● **TASK**
Images excluded, repeat each entry below exactly.

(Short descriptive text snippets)
=== Section Start ===

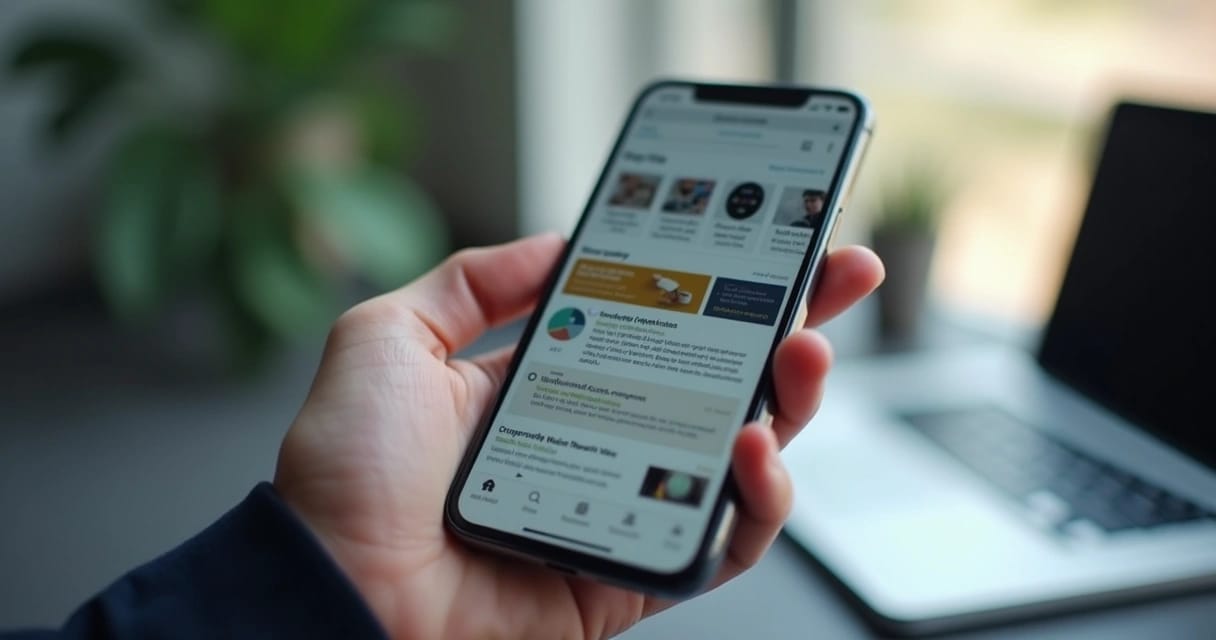Tela de smartphone exibindo página web responsiva com conteúdo visível acima da dobra na interface mobile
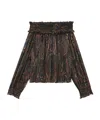 Saint Laurent Smocked Blouse In Lurex Paisley Silk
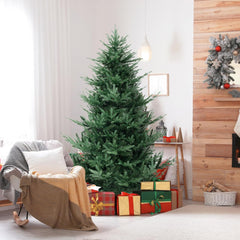 COSTWAY Kunstkerstboom met verlichting, 210 cm, dennenboom met 340 warmwitte ledlampen en 8 lichtmodi, kerstboom met scharnierstructuur, kunstboom voor thuis, groen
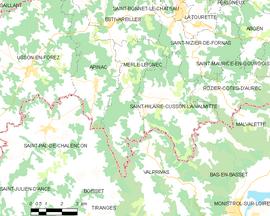Mapa obce Merle-Leignec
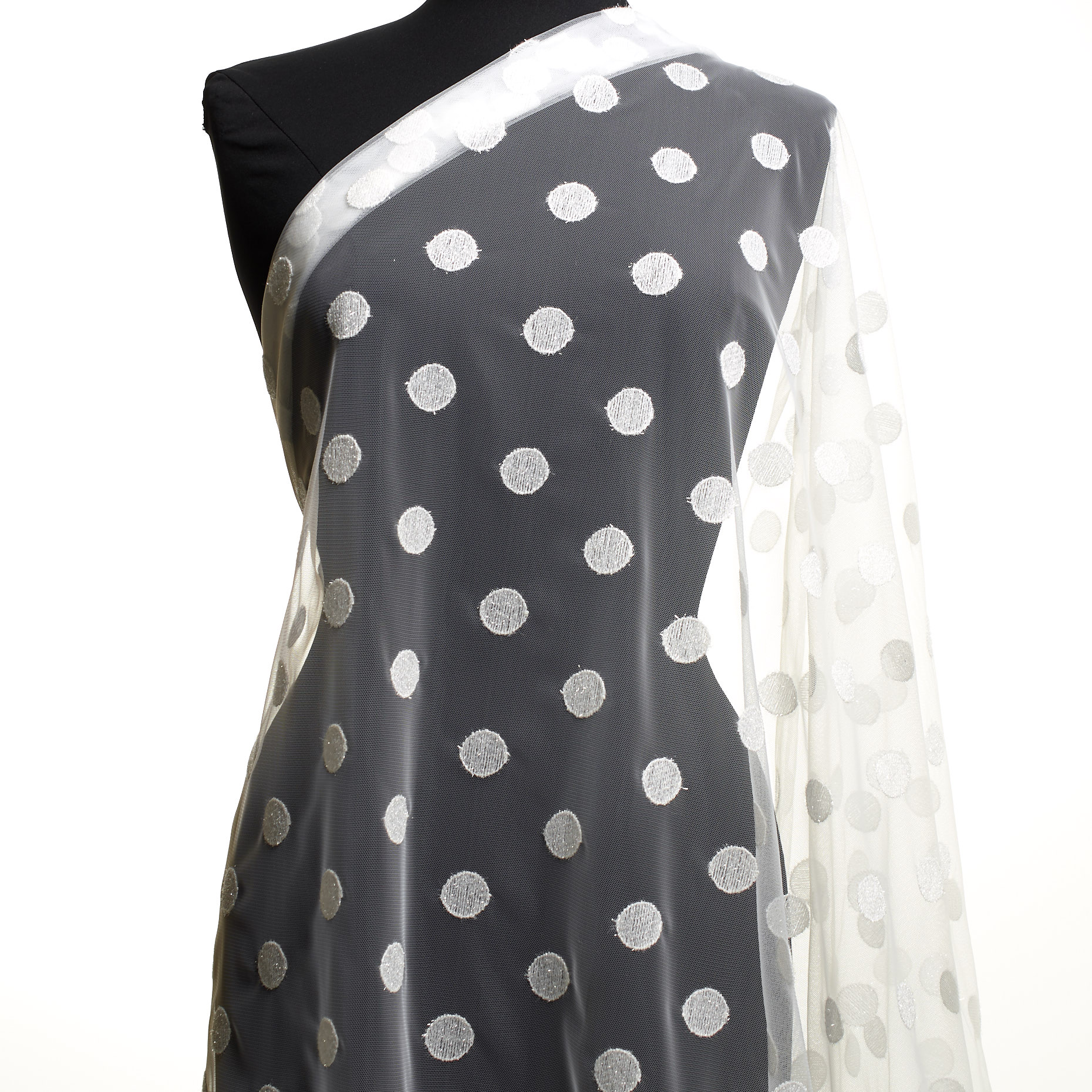 Tulle, Ricamato, Puntinato, Silver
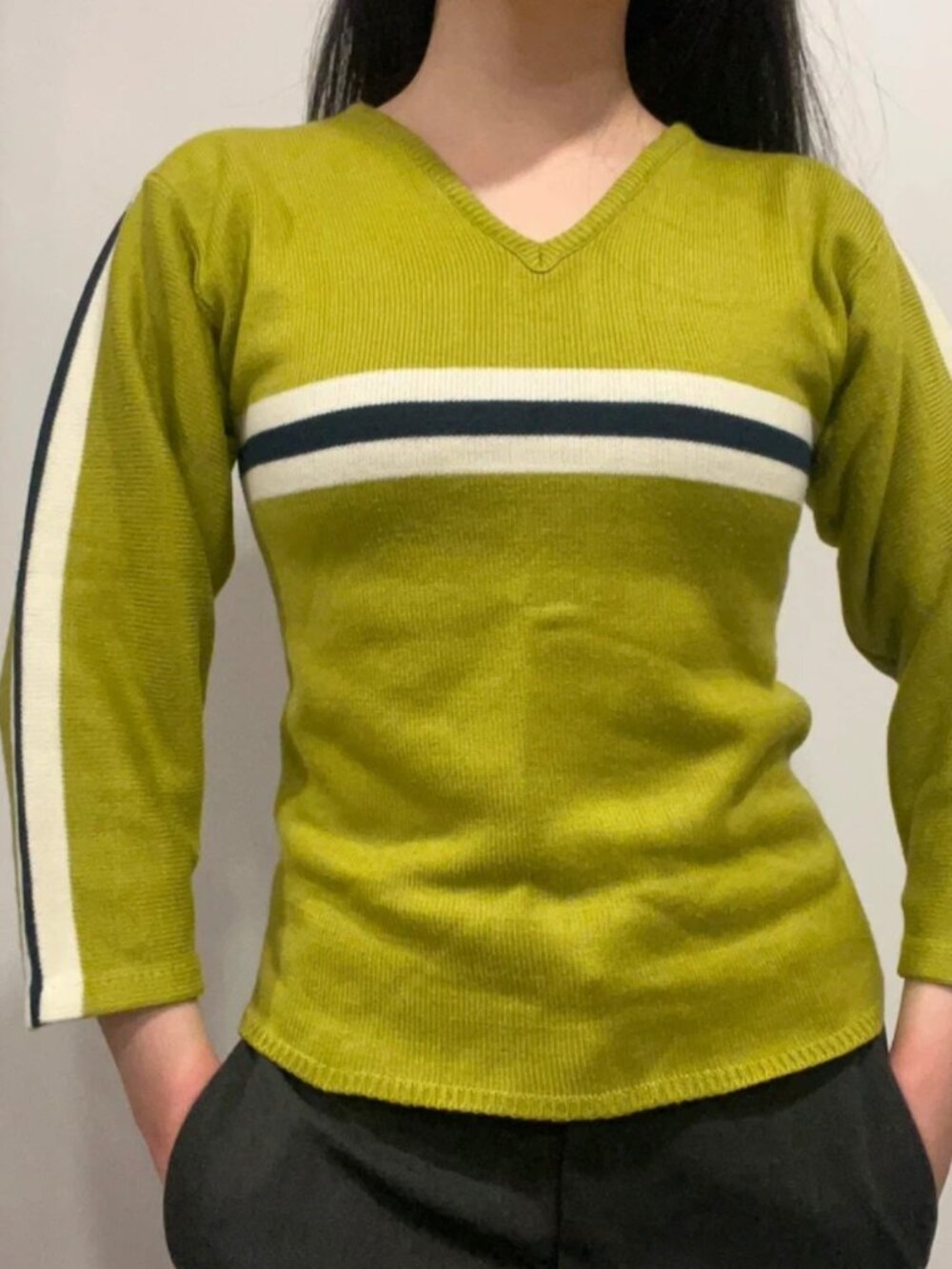Chartreuse Green V-Neck Sporty Long Sleeve Sweater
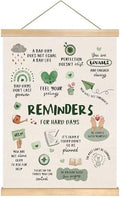 Reminders for Hard Days Inspirational Wall Art, 14x18.5 Inch Linen Canvas Wall Hanging Poster，Positive Quotes Mental Health Motivational Poster for Classroom, Office, Therapy, or Home Decor (BG802)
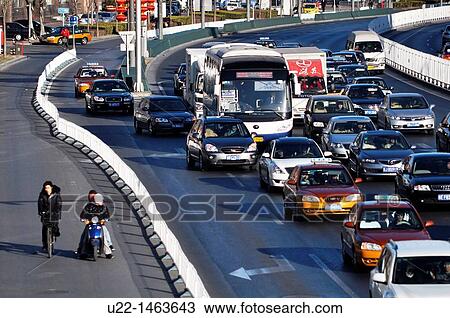 Stock Image - Beijing (China): urban traffic in Chongwen. Fotosearch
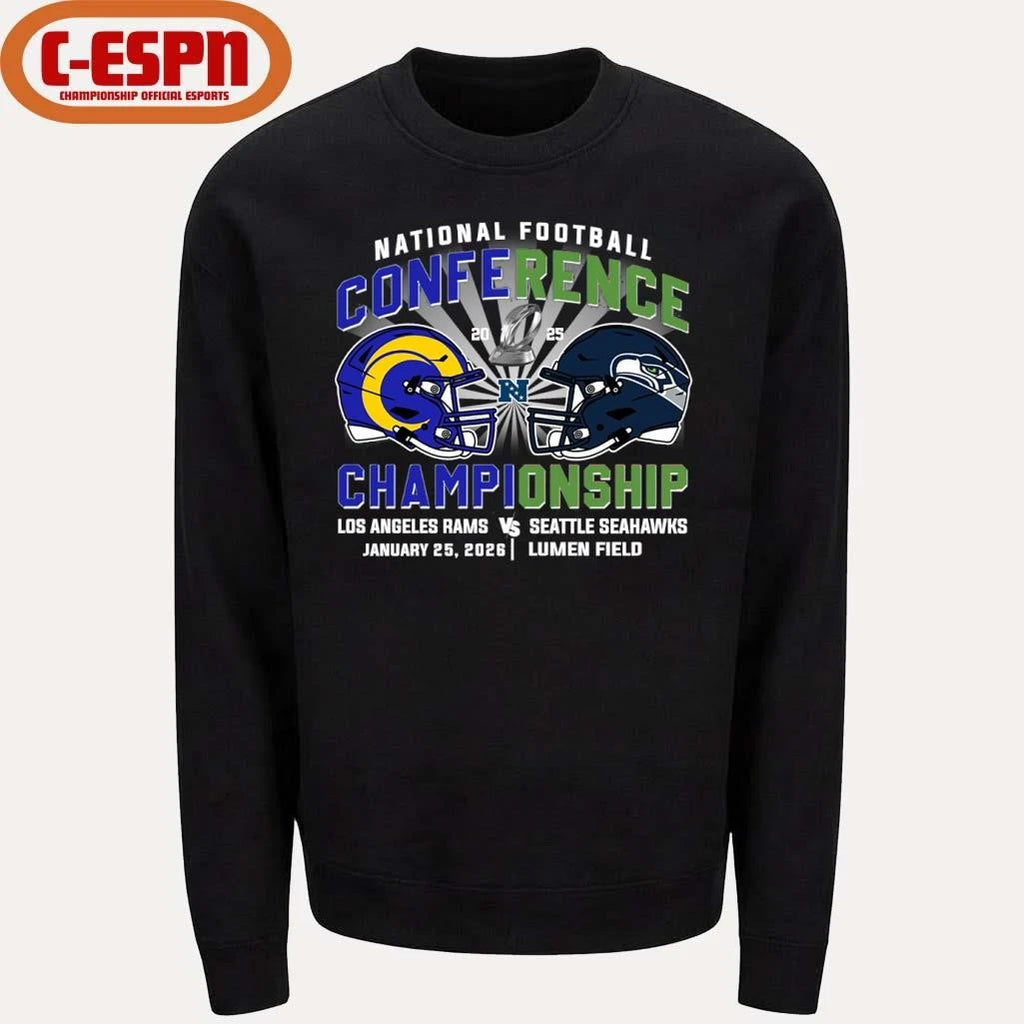 Official Rams Vs Seahawks NFC Conference Championship Duel Helmet T-Shirt
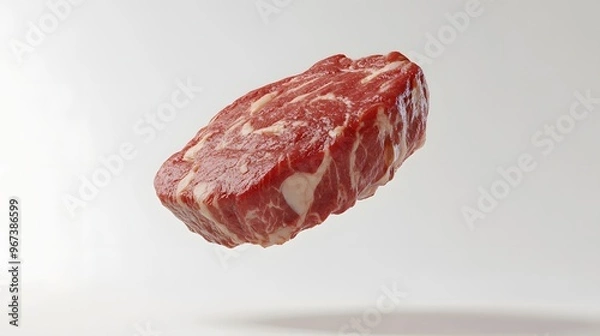 Fototapeta 34. **A 3D render of a falling beef ribeye cap, its marbled fat and juicy texture prominent against a clean white background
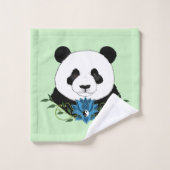 Panda Beer Lotus Flower Blue Bad Handdoek (Wasdoekje)
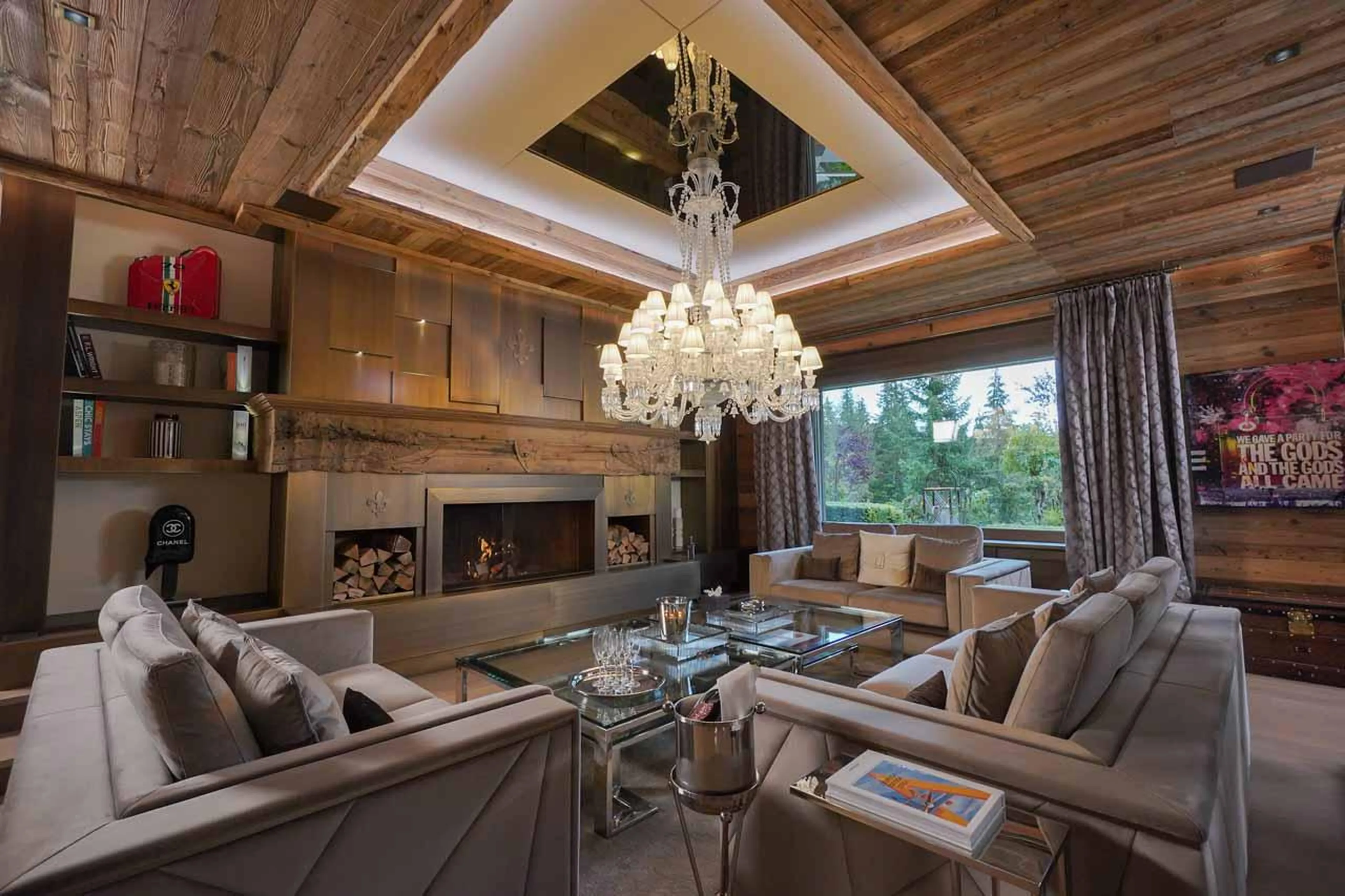 Fireplace in living area at  Ultima Crans Montana 1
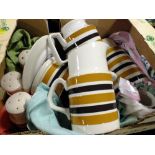 TWO BOXES OF CERAMIC JUGS AND BRACKEN POTTERY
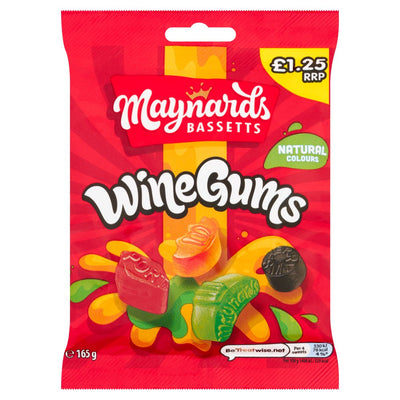 Maynards Bassetts Wine Gums Sweets Bag 165g (Pack of 12)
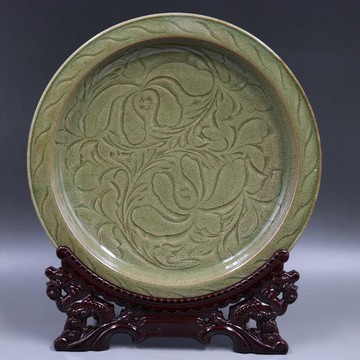 宋耀州窯刻花花紋平盤國盤手工仿古家居桌面瓷器古董古玩老貨擺件1入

=== Section End ===

● **ANSWER FOR THIS EXERCISE**
Tela de smartphone exibindo página web responsiva com conteúdo visível acima da dobra na interface mobile
 Saint Laurent Smocked Blouse In Lurex Paisley Silk
 COSTWAY Kunstkerstboom met verlichting, 210 cm, dennenboom met 340 warmwitte ledlampen en 8 lichtmodi, kerstboom met scharnierstructuur, kunstboom voor thuis, groen
Mapa obce Merle-Leignec
 Tulle, Ricamato, Puntinato, Silver
Chartreuse Green V-Neck Sporty Long Sleeve Sweater
 Reminders for Hard Days Inspirational Wall Art, 14x18.5 Inch Linen Canvas Wall Hanging Poster，Positive Quotes Mental Health Motivational Poster for Classroom, Office, Therapy, or Home Decor (BG802)
 Stock Image - Beijing (China): urban traffic in Chongwen. Fotosearch
 Official Rams Vs Seahawks NFC Conference Championship Duel Helmet T-Shirt
 Fototapeta 34. **A 3D render of a falling beef ribeye cap, its marbled fat and juicy texture prominent against a clean white background
 Panda Beer Lotus Flower Blue Bad Handdoek (Wasdoekje)
 Fireplace in living area at  Ultima Crans Montana 1
 TWO BOXES OF CERAMIC JUGS AND BRACKEN POTTERY
 Maynards Bassetts Wine Gums Sweets Bag 165g (Pack of 12)
 宋耀州窯刻花花紋平盤國盤手工仿古家居桌面瓷器古董古玩老貨擺件1入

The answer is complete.